I (of course) tweeted back with an offer to argue with English evolutionary psychologist Robin Dunbar. Unlikely to happen, especially after reading the article Robb posted: The Dunbar Number, From the Guru of Social Networks.* Dunbar has much more worthy -- and famous -- challengers, some of whom also question the validity of the Dunbar Number.
What's the Dunbar Number? Stripped way way down to basics, this refers to Dunbar's assertion that humans cannot, as a general rule, maintain more than 150 meaningful relationships.
It's a cognitive thing, says Dunbar, tied to brain size.
From the article:
Researchers who’ve used different methods to measure the size of a person’s social circle have come up with numbers that don’t match Dunbar’s. One set of studies by the anthropologist Russell Bernard and the network scientist Peter Killworth found a mean social network size of 291. Another paper, published this month in the , came up with 611.To be fair, Dunbar does write about ever-widening circles of connection that seem to -- get this, dear Trinitarians -- grow by a factor of roughly three.

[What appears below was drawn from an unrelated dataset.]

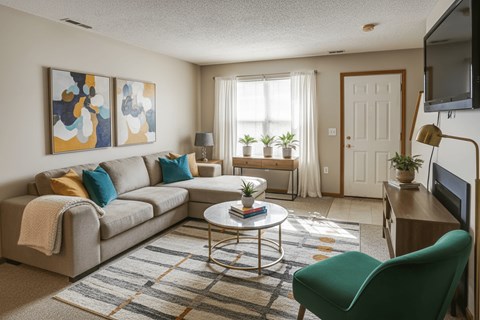 A living room with a grey couch, a green chair, and a coffee table.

Me? I think social media has enhanced our ability to interact in a meaningful way with many more than 150 people, probably closer to the 611 number. I've seen how social media tools have helped redefine what we mean by "meaningful." For example, I've noticed how the routinized, "Hey how'ya doin'" "Fine" exchange is transformed when hundreds of people are involved.
As for church, if the Dunbar Number is "true," then what does this say about church leadership freak outs about declining numbers of in-the-building attendance?
So is the Dunbar Number useful for more than an intellectual romp? True or not true, how is any theory about size limits useful for digital ministry?
Let's chat about this and more on Tuesday, January 15 at 9PM ET.
* Weirdo title for the article, IMO, because Dunbar doesn't actually use social networking sites and says he's on LinkedIn "by mistake."